Gran swallowed. Clearly the idea of waiting so long to implement the next phase of the plan made him nervous. “All right,” he said finally. “We’ll do it your way, Constable.” The man started to move away.

“Wait,” Odo said, sudden doubt overtaking him. “What if something goes wrong? Do you have a signal, some way to let me know if you intend to abort?”

Gran snorted. “Dozens of things could go wrong, Mr. Odo. We just have to take the risk, and hope that everything will fall into place. There are no fail-safes.”

“But—” Odo found himself very uncomfortable with this level of uncertainty. “If we are caught, several people will be executed, and you may not get another chance to disable the grid. Dukat will take pains to ensure that no more attempts can be carried out.”

The Bajoran shrugged. “True,” he said wryly. “But some things are worth taking risks for.”

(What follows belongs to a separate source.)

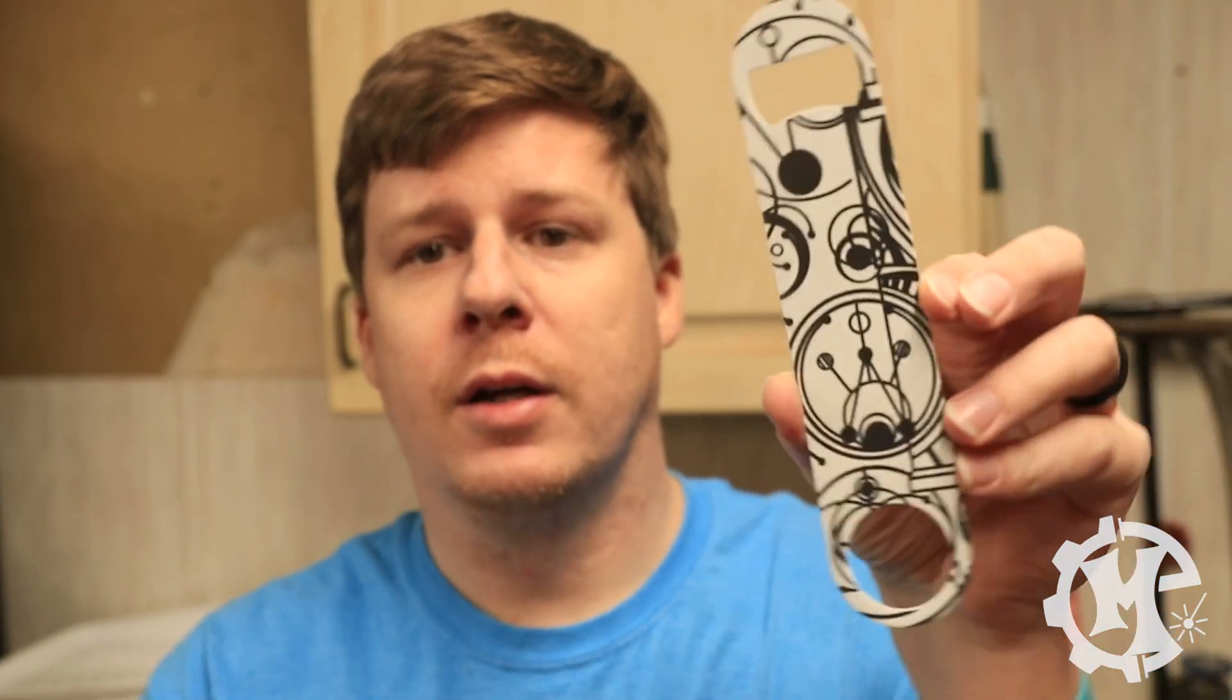Once the design is engraved or marked rather it'll look something like this. Now we need to clean it off. I usually run this under water and wipe everything off of it. That'll get rid of all of the excess spray that was in the Endura mark and clean up the rest of the engraving. So let's go ahead and clean this off.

Odo remembered someone else saying something quite similar once—it was Sito Jaxa, the little girl who had boldly wandered into the forest with the belief that she could deliver information to the resistance all on her own. She had taken a terrible risk, and almost paid dearly for it. Odo was not much of a risk-taker himself. He wondered if he should back out, even as he was agreeing to the reckless terms of the plan.

He left the Bajoran man alone on the Promenade and continued on his rounds, knowing now that if he failed to keep up his end of the agreement, several Bajorans would be guaranteed a death sentence, and it would essentially be his own fault. On the other hand, if he adhered to the rule of law, he should turn in the man and all who were involved. He didn’t especially want that on his conscience, though it wouldn’t be the first time he’d assisted in putting a stop to Bajoran conspiracies. He felt as though something very new and very frightening had transpired within himself these past few days—but he took some comfort in knowing that it wasn’t too late to change his mind. It wouldn’t be too late until fourteen hundred hours tomorrow.